» **TASK BRIEF**
Your answer must be an exact copy of the data below, minus any pictures.

(Items from a data source)

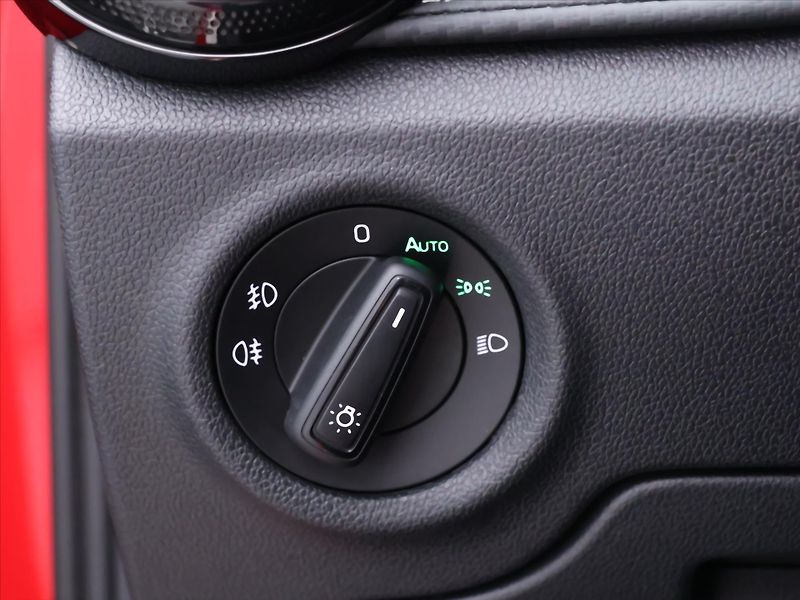 Škoda Fabia 1,0 TSI DSG Monte Carlo LED - fotka 14 z 30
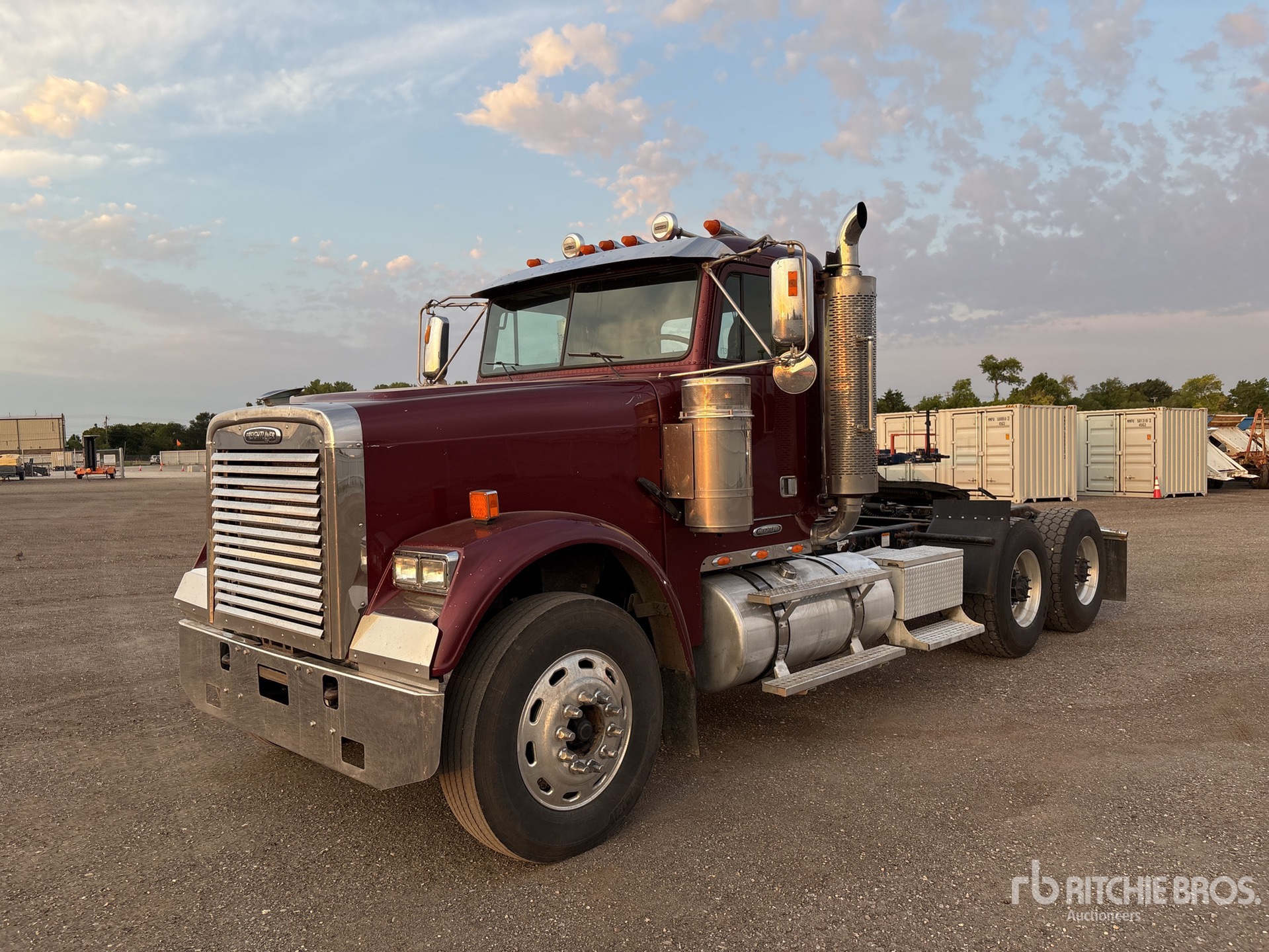 2007 Freightliner FLD 120 6x4 T/A Day Cab Truck Tractor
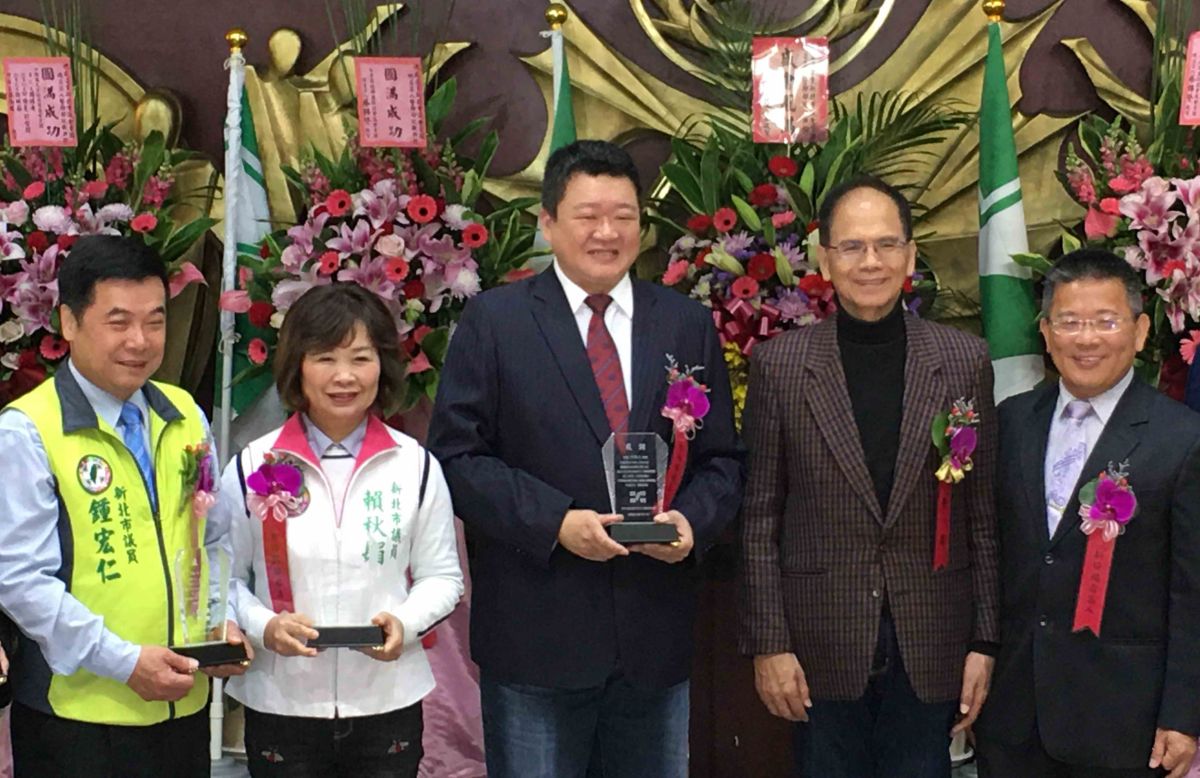 ▲新北市議員何博文（左三）獲得議會同僚的支持，且「正國會」目前也頃向支持何博文。（圖／記者陳志仁攝）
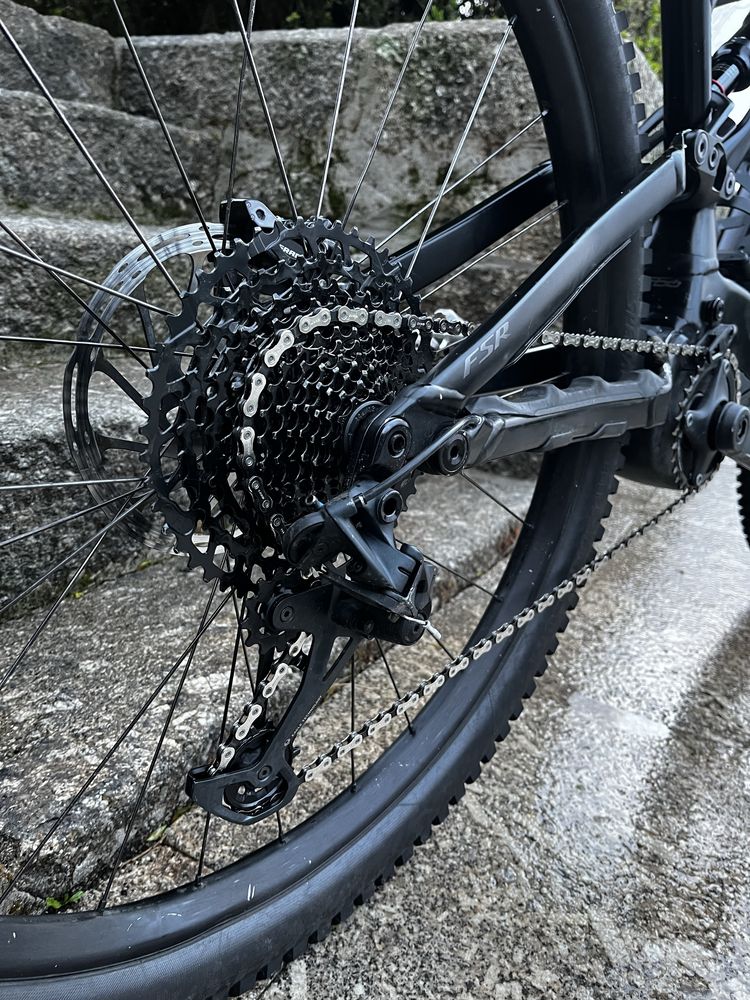 Specialized turbo levo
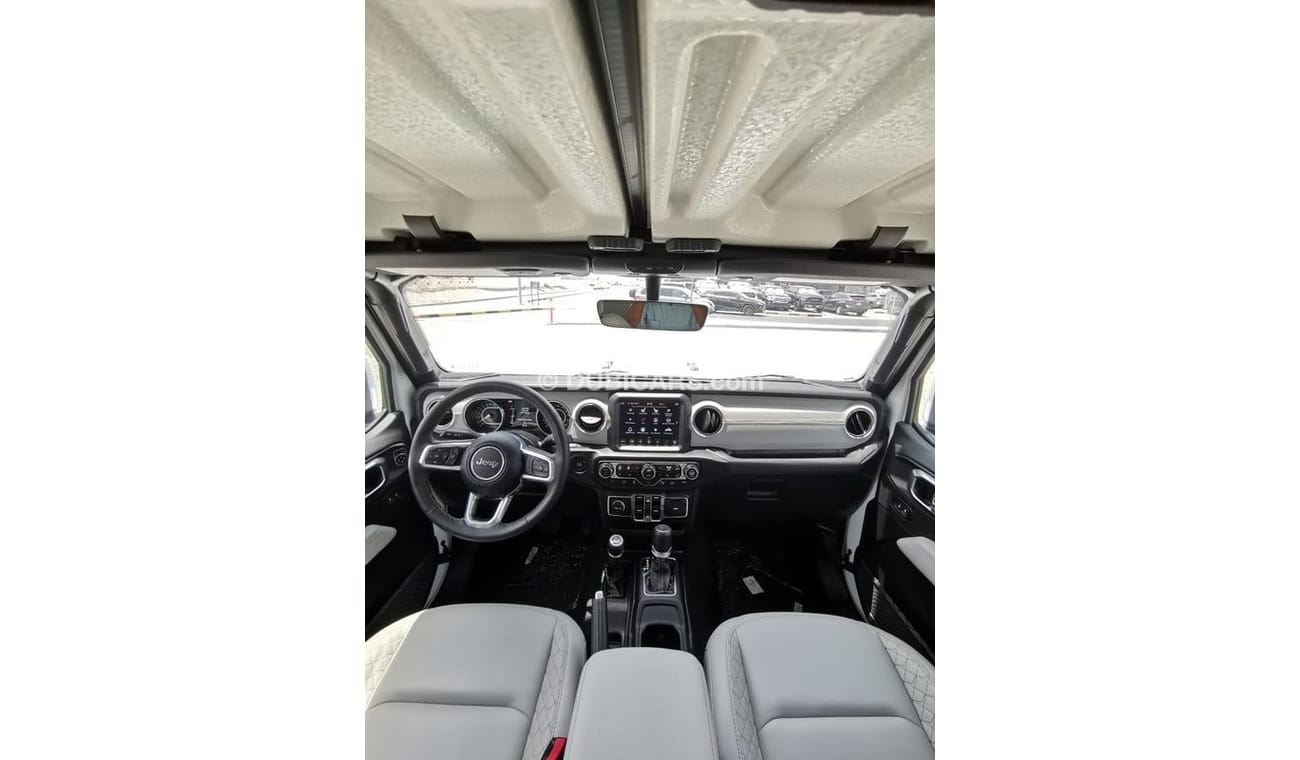 جيب جلادياتور Jeep Gladiator - 2023 - White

» **RESULT OF THIS EXERCISE**
 Škoda Fabia 1,0 TSI DSG Monte Carlo LED - fotka 14 z 30
 2007 Freightliner FLD 120 6x4 T/A Day Cab Truck Tractor
 ▲新北市議員何博文（左三）獲得議會同僚的支持，且「正國會」目前也頃向支持何博文。（圖／記者陳志仁攝）
 Specialized turbo levo
 جيب جلادياتور Jeep Gladiator - 2023 - White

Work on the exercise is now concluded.